**TRY IT:** In the material below, find the line that contains "Tractor Rim Motor Vehicle Tires Tire PNG" and the line that contains "Is Bad Credit", then write out exactly those two lines and everything between them.

MATERIAL FOR THIS EXERCISE START

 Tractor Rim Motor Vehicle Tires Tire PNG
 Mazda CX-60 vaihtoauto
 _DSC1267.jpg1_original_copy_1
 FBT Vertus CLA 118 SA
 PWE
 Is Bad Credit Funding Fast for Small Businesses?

MATERIAL FOR THIS EXERCISE END
MATERIAL FOR THIS EXERCISE START

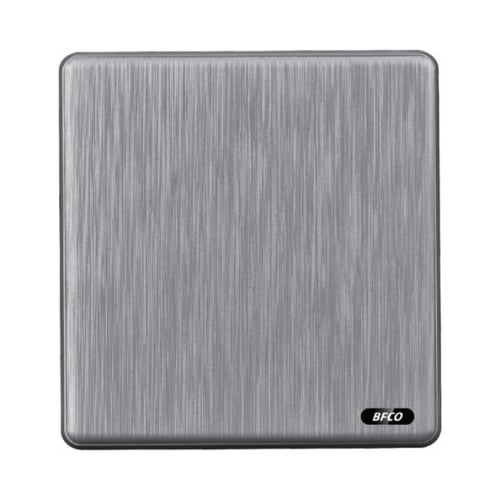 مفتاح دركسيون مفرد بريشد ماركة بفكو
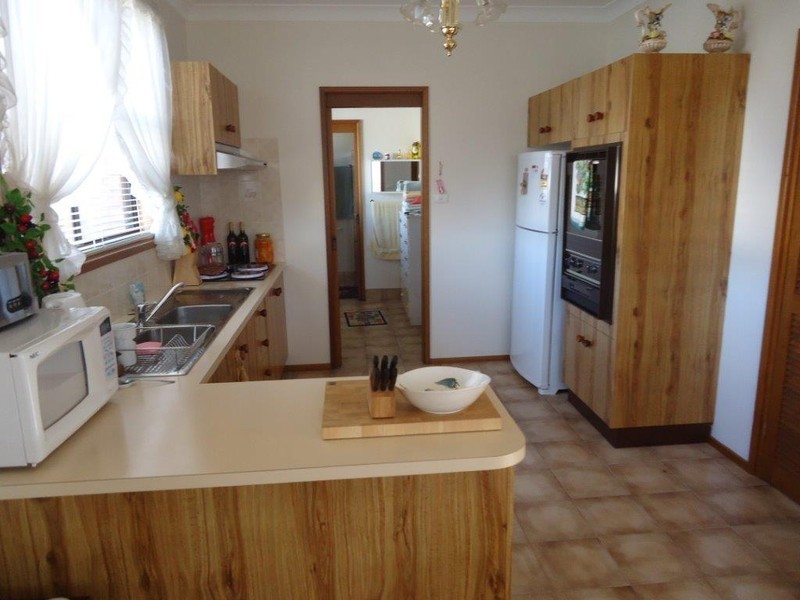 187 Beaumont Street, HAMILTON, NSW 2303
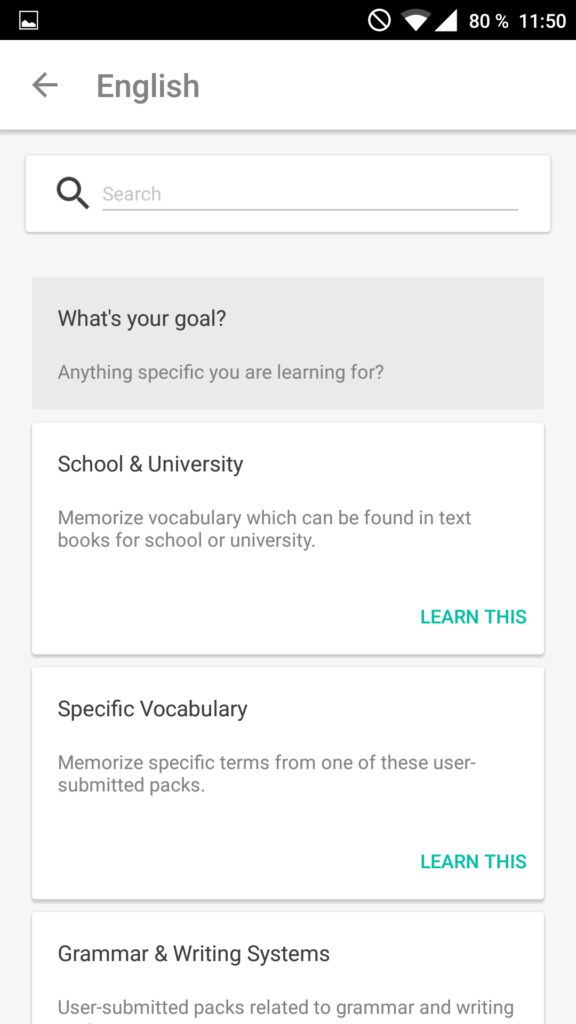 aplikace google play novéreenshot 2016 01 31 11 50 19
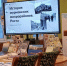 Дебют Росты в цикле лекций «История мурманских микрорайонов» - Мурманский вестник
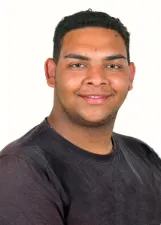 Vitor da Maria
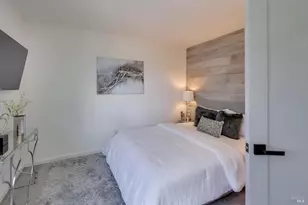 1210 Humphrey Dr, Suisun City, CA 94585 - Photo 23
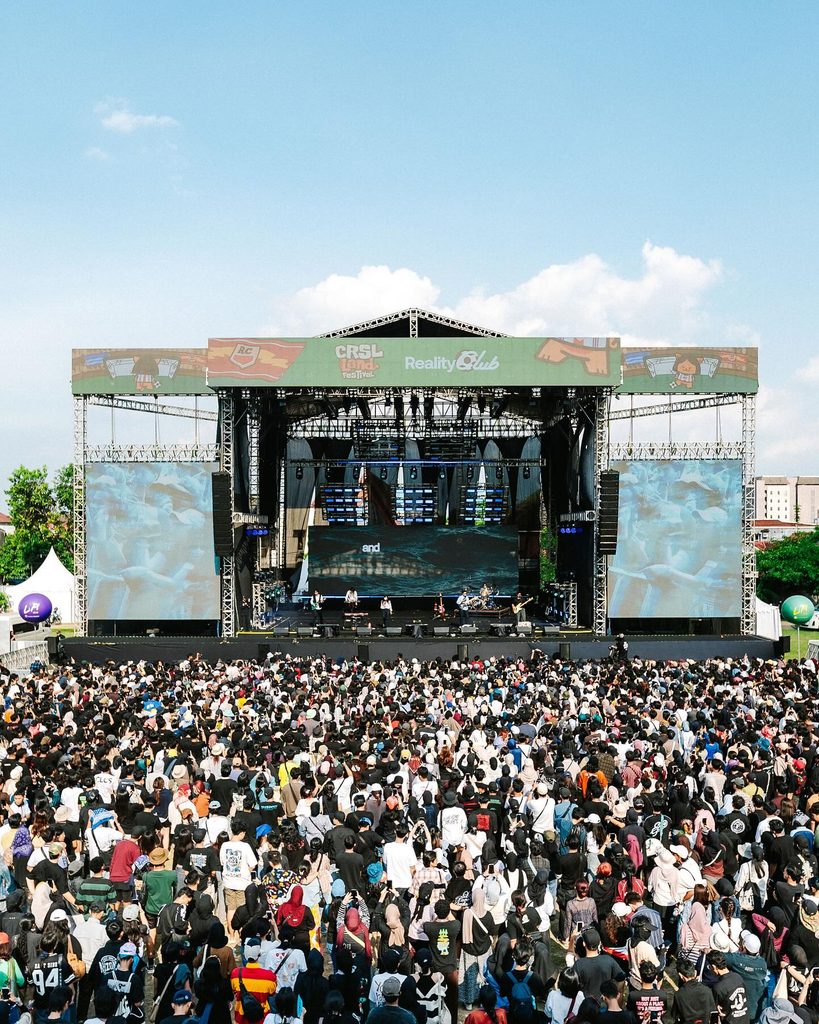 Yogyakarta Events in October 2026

MATERIAL FOR THIS EXERCISE END
MATERIAL FOR THIS EXERCISE START

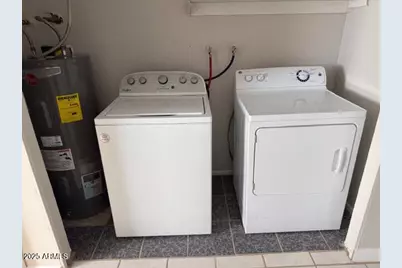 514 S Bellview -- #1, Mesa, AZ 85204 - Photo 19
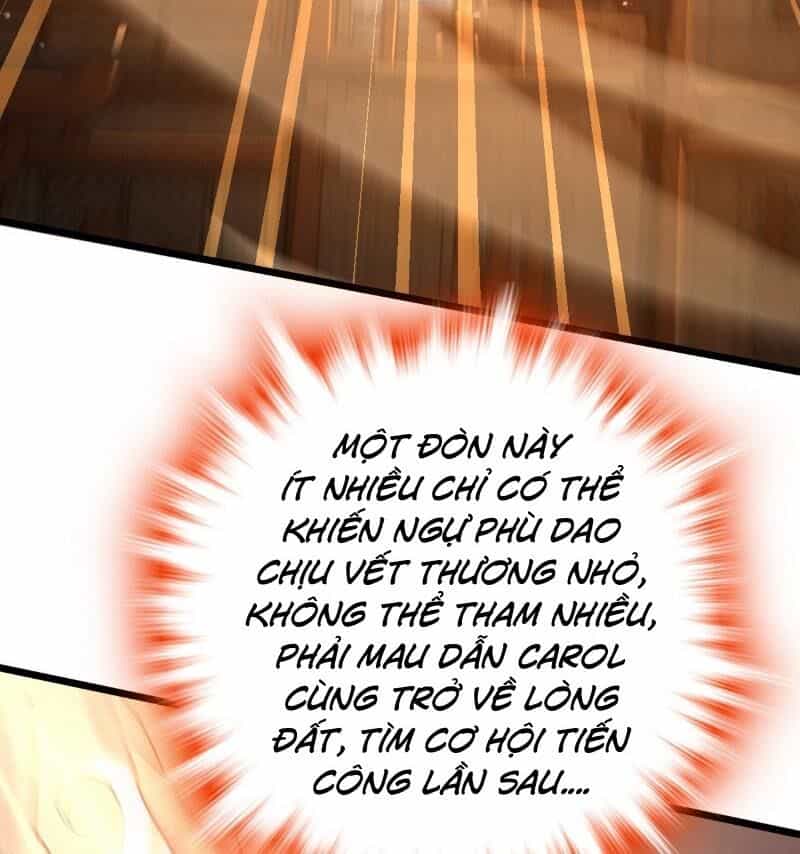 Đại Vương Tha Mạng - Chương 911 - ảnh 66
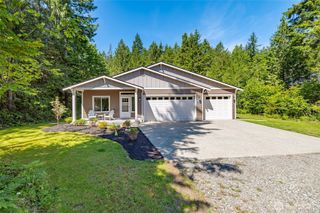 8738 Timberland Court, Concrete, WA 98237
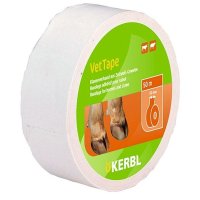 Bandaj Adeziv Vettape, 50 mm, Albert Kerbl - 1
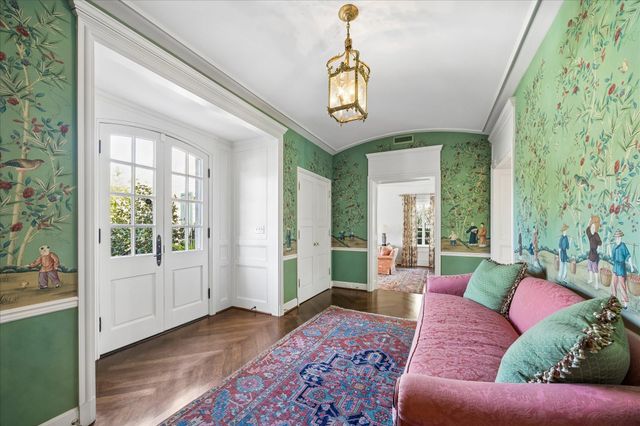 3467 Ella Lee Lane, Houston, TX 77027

MATERIAL FOR THIS EXERCISE END

**TASK SOLUTION:**
 Tractor Rim Motor Vehicle Tires Tire PNG
 Mazda CX-60 vaihtoauto
 _DSC1267.jpg1_original_copy_1
 FBT Vertus CLA 118 SA
 PWE
 Is Bad Credit Funding Fast for Small Businesses?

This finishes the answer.